Con todo, Cristo no quiere ser confundido con un Mesías temporal que viene a solucionar los problemas de este mundo instaurando un “estado de bienestar” intramundano, e impone el silencio a quienes favorece con los signos de su mesianismo espiritual como en tantas otras curaciones, para llevar al hombre a la trascendencia de la fe.

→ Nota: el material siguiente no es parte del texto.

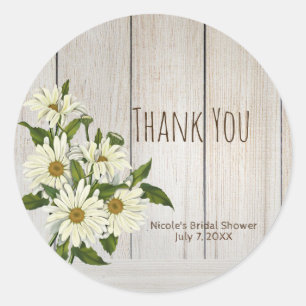 Sticker Rond Marguerites de Campagne Rustique Fleur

          Sabemos que las promesas anunciadas por el profeta Isaías en la primera lectura, no se agotan en una restauración física con una vigencia tan breve como esta vida. Si Dios es luz de amor y palabra creadora y omnipotente, hay una ceguera y una sordera mucho más terribles que las del cuerpo, porque impiden que nuestro espíritu se abra a la virtud divina que implica eternidad de amor. ¡Effetá!, es pues, un evangelio de misericordia omnipotente que brota de la iniciativa amorosa de Dios.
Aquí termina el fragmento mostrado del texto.